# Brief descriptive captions
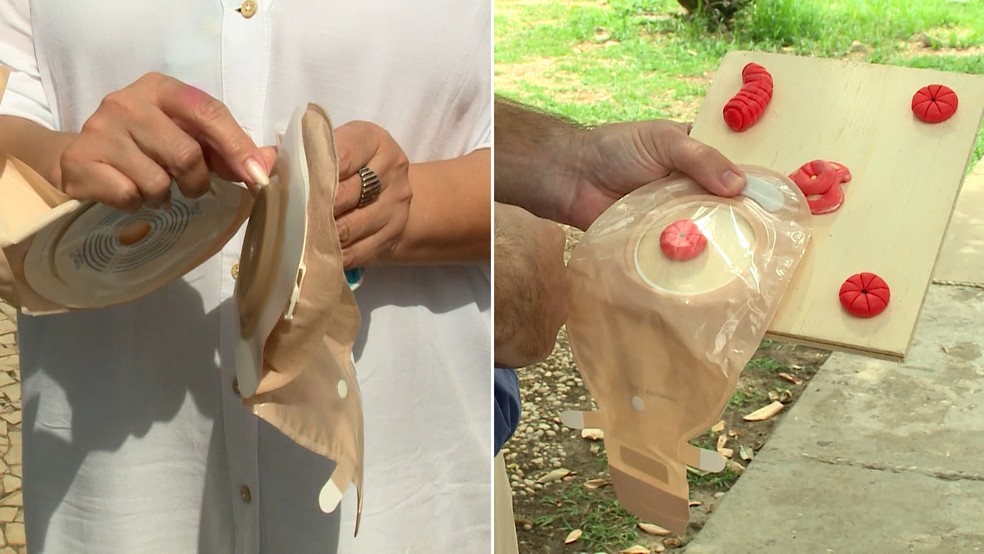 Pacientes denunciam falta de bolsas de ostomia do SUS em Teresina — Foto: Montagem g1 PI/ TV Clube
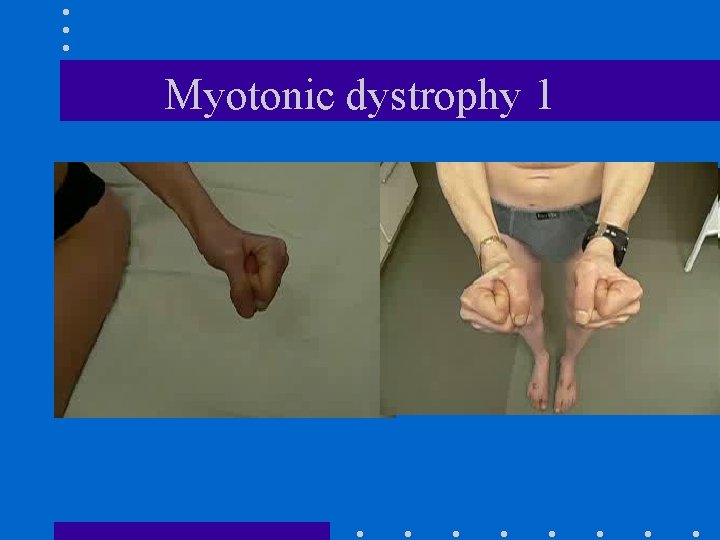 Myotonic dystrophy 1 
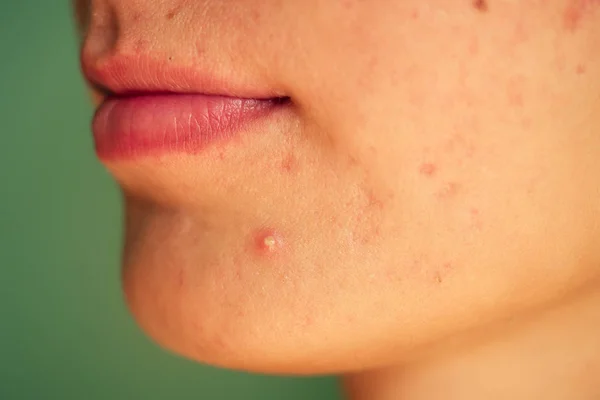 Acné, cicatrices y granos rojos supurantes en la cara de una mujer joven. concepto de problemas de la piel y fallo armónico —  Fotos de Stock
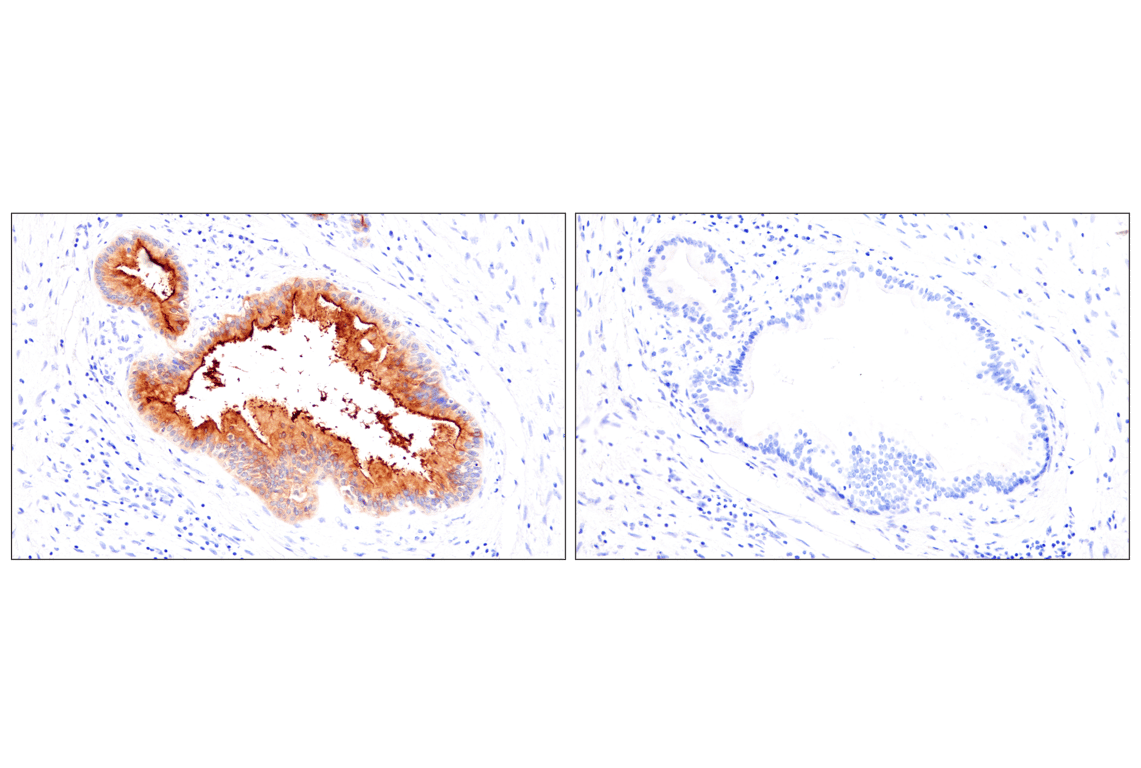 Immunohistochemistry Image 11: CEACAM7 (E5Q6X) Rabbit Monoclonal Antibody (BSA and Azide Free)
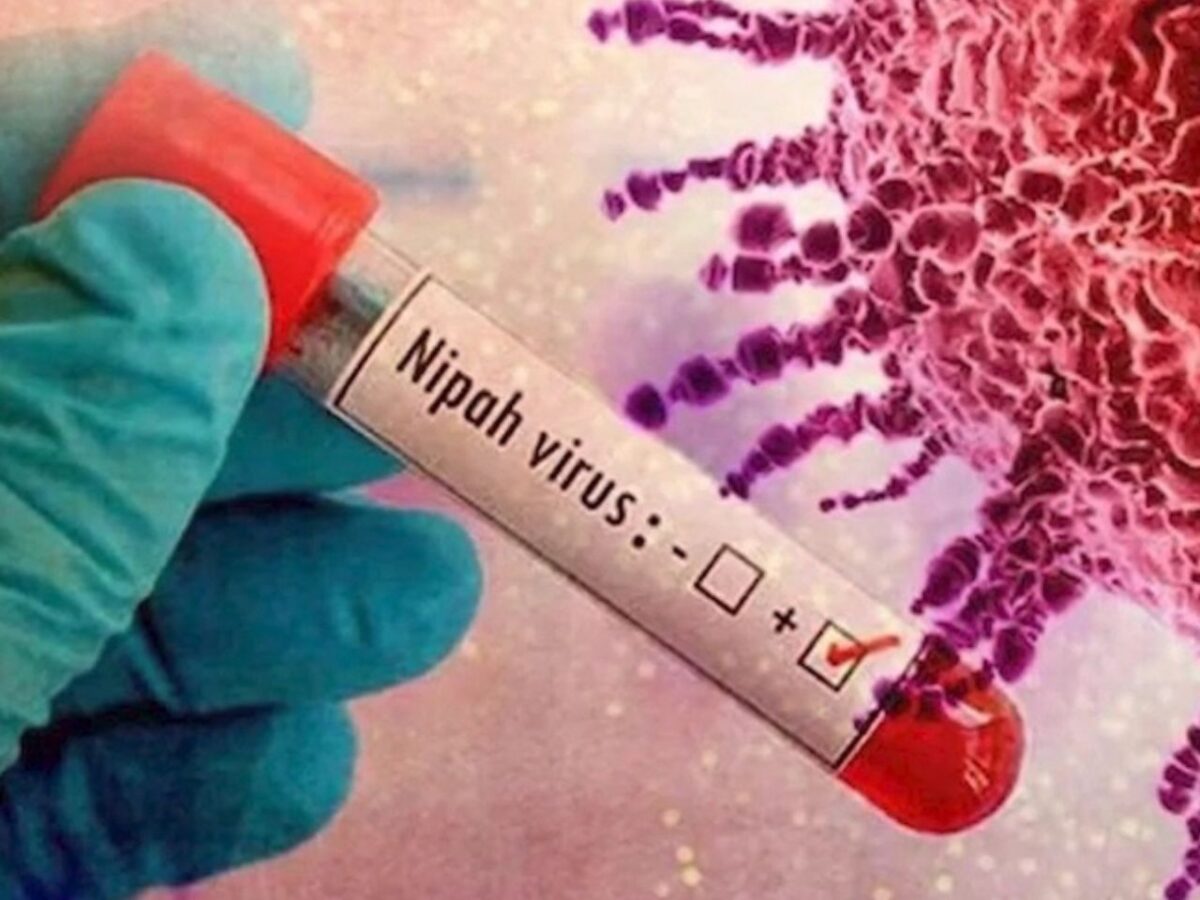 virus-nipah:-japao-inicia-testes-clinicos-para-vacina
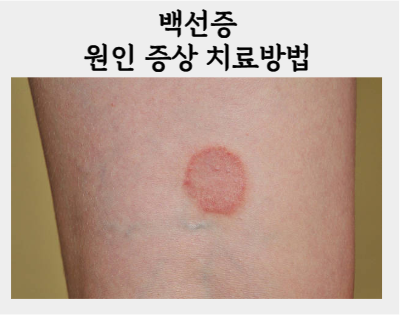 백선증, 동그랗게 번지는 피부 가려움 원인과 한의원 치료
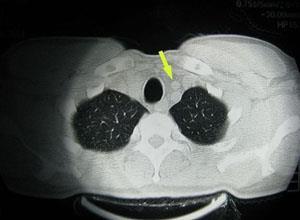 胸腺瘤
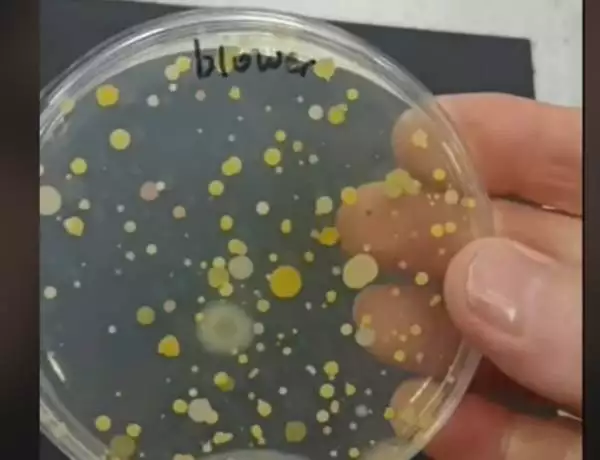 Agar plate with bacteria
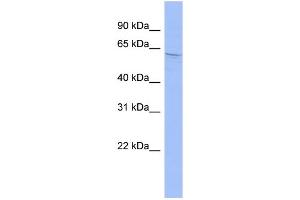 WB Suggested Anti-AIRE Antibody Titration:  0. (AIRE Antikörper  (Middle Region))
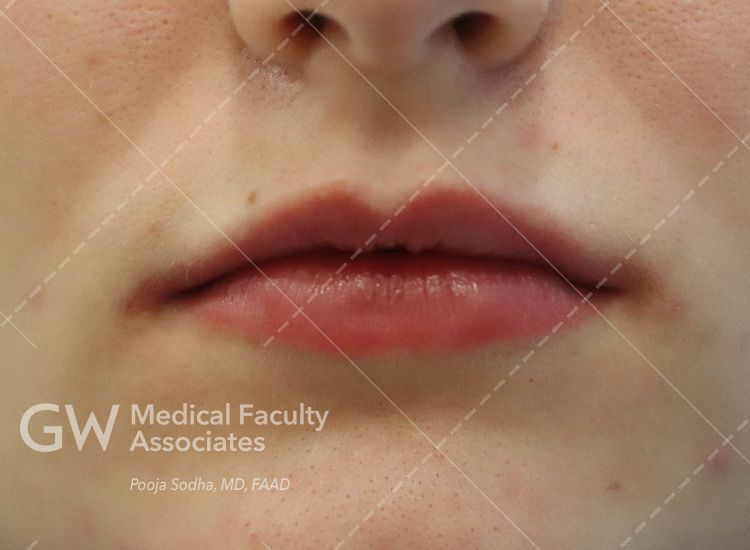 case two post-treatment 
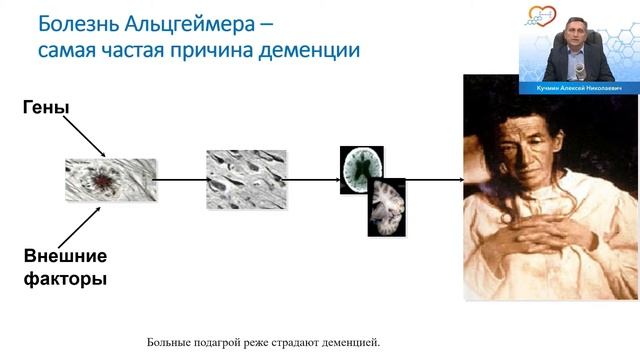 Коррекция гиперурекимии в лечении кардиологических пациентов. Современный взгляд на проблему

# Exercise
Copy word for word the lines above, starting at the line containing "Acné, cicatrices y" and ending at the line containing "Agar plate with bacteria", inclusive, with no pictures.

# Written response
 Acné, cicatrices y granos rojos supurantes en la cara de una mujer joven. concepto de problemas de la piel y fallo armónico —  Fotos de Stock
 Immunohistochemistry Image 11: CEACAM7 (E5Q6X) Rabbit Monoclonal Antibody (BSA and Azide Free)
 virus-nipah:-japao-inicia-testes-clinicos-para-vacina
 백선증, 동그랗게 번지는 피부 가려움 원인과 한의원 치료
 胸腺瘤
 Agar plate with bacteria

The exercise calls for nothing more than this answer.